Taxonomy-Aware Dynamic Motion Generation on Hyperbolic Manifolds
Luis Augenstein, Noémie Jaquier, Tamim Asfour, Leonel Rozo
AI summary
Problem
Current motion generation models frequently overlook the rich hierarchical structure of biomechanical taxonomies, creating a disconnect between generated movements and their underlying classifications. Furthermore, existing hyperbolic latent models lack temporal dynamics, often producing physically impractical trajectories.
Approach
The authors extend the Gaussian Process Dynamical Model to hyperbolic manifolds, integrating taxonomy-aware inductive biases to learn latent representations that preserve both hierarchical structure and temporal dynamics.
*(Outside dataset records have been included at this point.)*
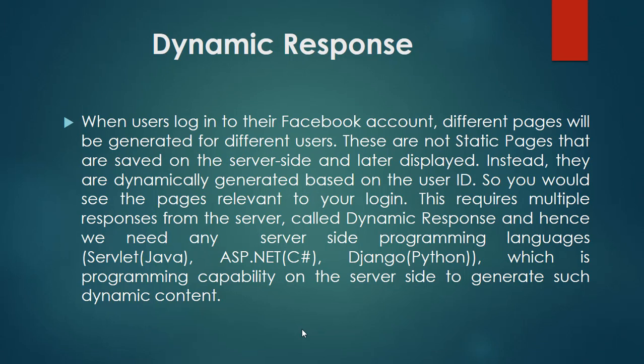So you would see the pages relevant to your login. This requires multiple responses from the server, called dynamic response. And hence, we need server-side programming languages.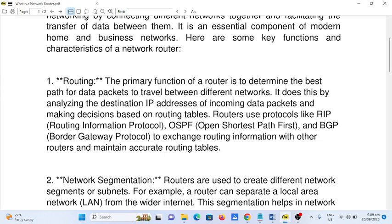Number one: Routing. The primary function of a router is to determine the best path for data packets to travel between different networks. It does this by analyzing the destination IP addresses of incoming data packets and making decisions based on routing tables. Routers use protocols like RIP (Routing Information Protocol), OSPF (Open Shortest Path First), and BGP (Border Gateway Protocol) to exchange routing information.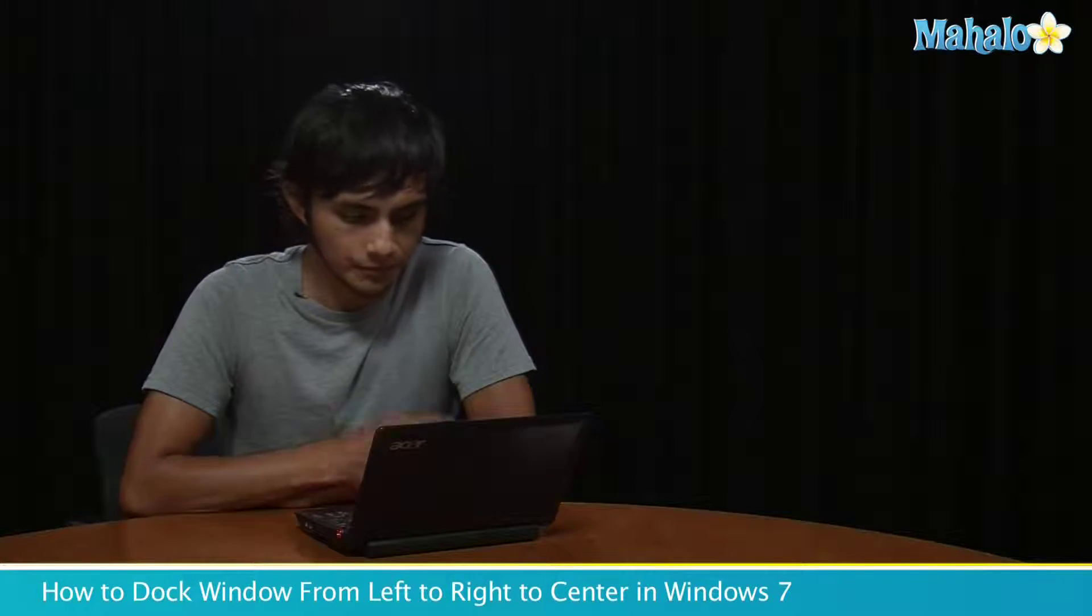Hey, this is Morgan from Mahalo and I'm going to show you how to dock any window that you have open to the left, to the right of the screen or right in the center. It's a good trick if you want to compare two things. So let me show you how.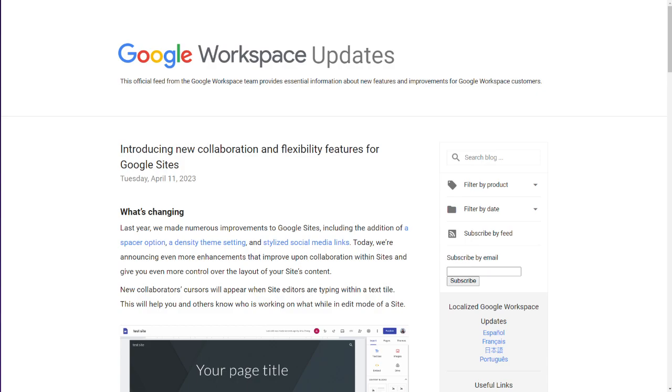I'm Al Horst with Kirksville Web Design, KWD Web Design. I'm looking at Google Sites Web Design, and we have a new update that dropped today regarding Google Sites. We're going to be looking here at the official post from the Google Workspace Updates blog, introducing new collaboration and flexibility features for Google Sites.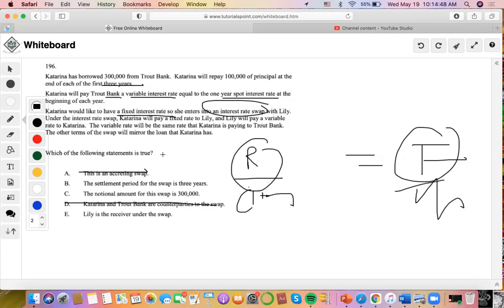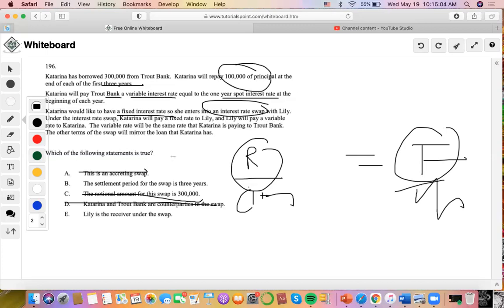Another thing is that the notional amount for this swap is 300,000. This one is wrong because the notional amount should refer to the principal. So the notional amount should be 100,000. Whenever you see notional amount, it's another way of saying principal, the notional principal. Now we have two left.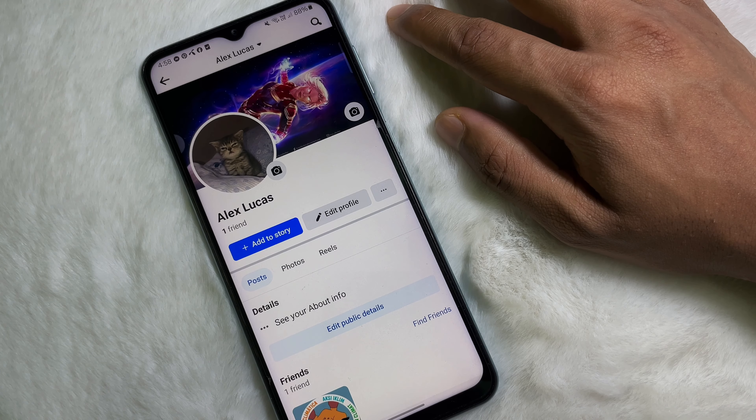Now at the top you will get a tag icon — tap on it. Now tap anywhere you want, and then select yourself.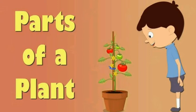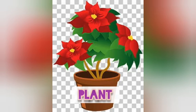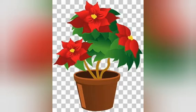Good morning children. Our topic of today is parts of plants. Plants have many different parts. So let's see one by one all the parts of a plant.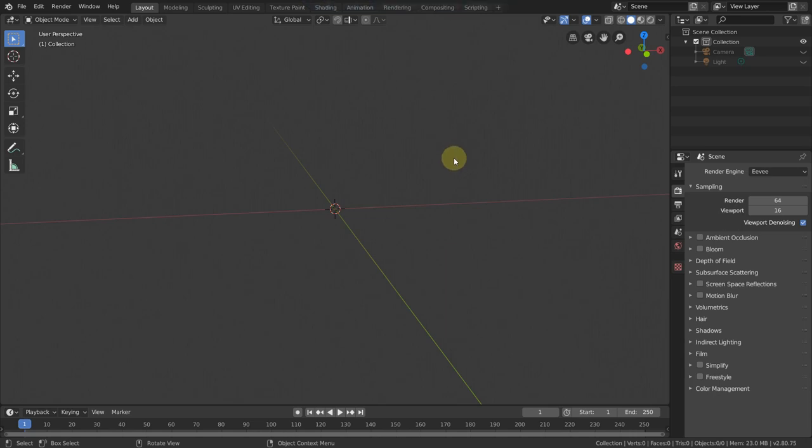Hello everybody! Today I would like to show you an easy way to align objects to a surface. Before I start with this, we must talk a little bit about the origin of an object.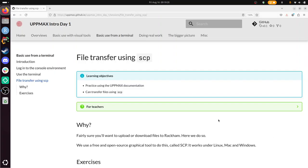Hi, I'm going to show you how to do file transfer using SCP to an UpMax cluster called RackHam, as it works on other clusters as well.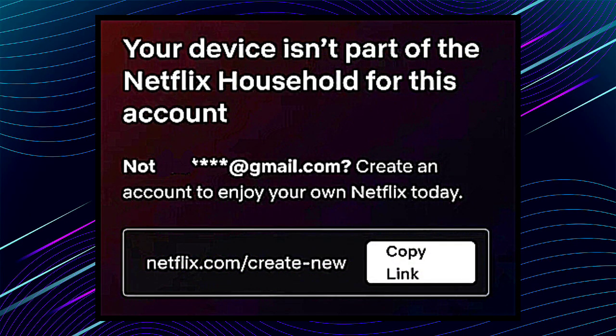Welcome to my channel. If you guys are facing this error in your Netflix — 'your device is not part of the Netflix household for this account' — watch this video till the end because I am showing why this error is coming in your Netflix and what is the solution to this problem.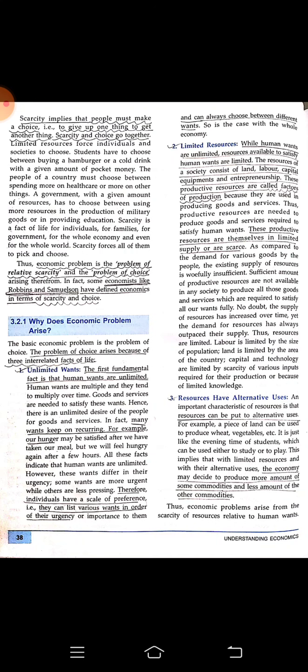Why does economic problem arise? The first reason is unlimited wants. Human wants are unlimited — many wants keep on recurring. For example, after every three or four hours we feel hungry, so that is a recurring want. Therefore, individuals have a scale of preference; they can list various wants in order of their urgency and can always choose between different wants. As we are having too many wants, we can make a priority list and fulfill our wants based on urgency.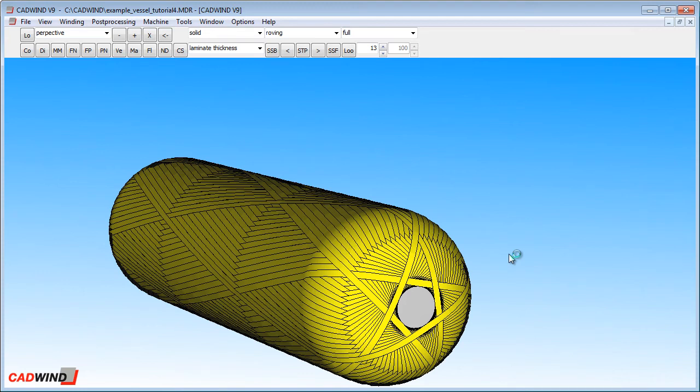Welcome to CADWIND tutorial video number 4. This video will explain the meaning of winding pattern numbers in CADWIND and the pattern recommendation table, which often appears when making a non-geodesic winding.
They introduce three novel generation mechanisms to ensure physically consistent trajectory synthesis.
Key results
- Extends the GPDM dynamics prior to hyperbolic manifolds for taxonomy-aware learning
- Introduces two probabilistic recursive methods and a pullback-metric geodesics approach for motion generation
- Successfully encodes hierarchical taxonomy structure and temporal dynamics in hand grasping data
- Generates novel, physically consistent motion trajectories that align with biomechanical classifications
Why it matters
Enables robots to synthesize realistic, human-like motions that respect biomechanical hierarchies, reducing training data needs and improving physical feasibility for humanoid robotics.
Abstract
Human-like motion generation for robots often draws inspiration from biomechanical studies, which categorize complex human motions into hierarchical taxonomies. While these taxonomies provide rich structural information about how movements relate to one another, this information is frequently overlooked in motion generation models, leading to a disconnect between the generated motions and their underlying hierarchical structure. This paper introduces the Gaussian Process Hyper- bolic Dynamical Model (GPHDM), a novel approach that learns latent representations preserving both the hierarchical structure of motions and their temporal dynamics to ensure physical consistency. Our model achieves this by extending the dynamics prior of the Gaussian Process Dynamical Model (GPDM) to the hyperbolic manifold and integrating it with taxonomy-aware inductive biases. Building on this geometry- and taxonomy- aware frameworks, we propose three novel mechanisms for generating motions that are both taxonomically-structured and physically-consistent: two probabilistic recursive approaches and a method based on pullback-metric geodesics. Experiments on generating realistic motion sequences on the hand grasping taxonomy show that the proposed GPHDM faithfully encodes the underlying taxonomy and temporal dynamics, and it generates novel physically-consistent trajectories.